(REQUIREMENT): Return the stretch from the line with "Close up of Snail isolated on white" through the line with "Durian Cemara" in the data below, character for character, skipping all pictures.

(DATA SHOWN):
-------
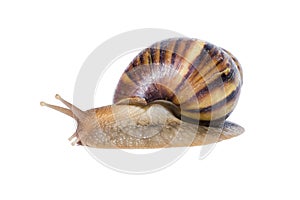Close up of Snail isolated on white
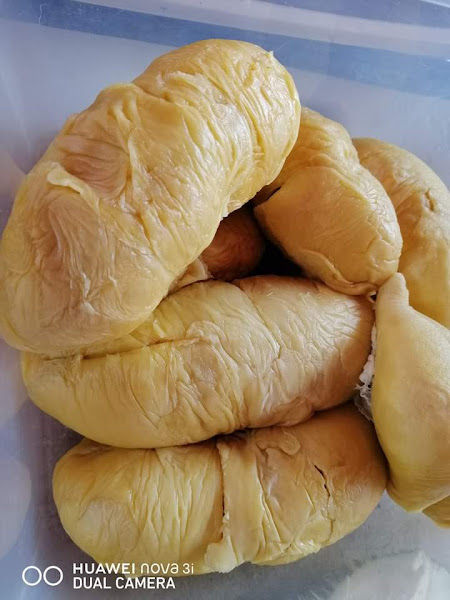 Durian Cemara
-------
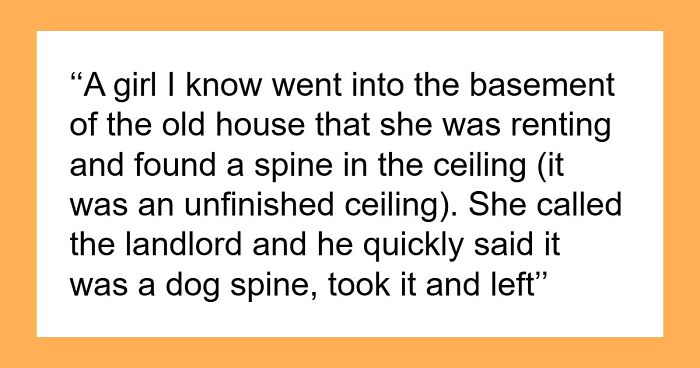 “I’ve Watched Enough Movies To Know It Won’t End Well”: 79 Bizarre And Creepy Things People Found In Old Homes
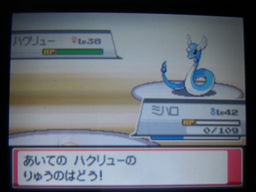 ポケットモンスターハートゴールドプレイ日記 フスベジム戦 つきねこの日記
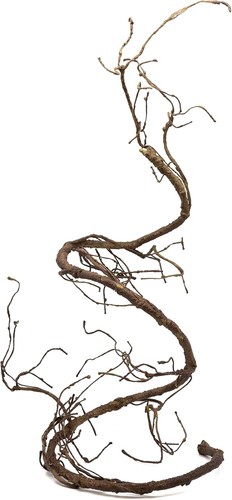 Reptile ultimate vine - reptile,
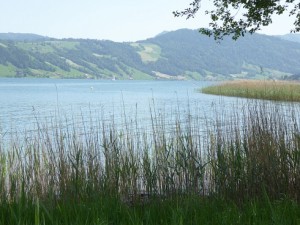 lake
-------
(TASK ANSWER):
Close up of Snail isolated on white
 Durian Cemara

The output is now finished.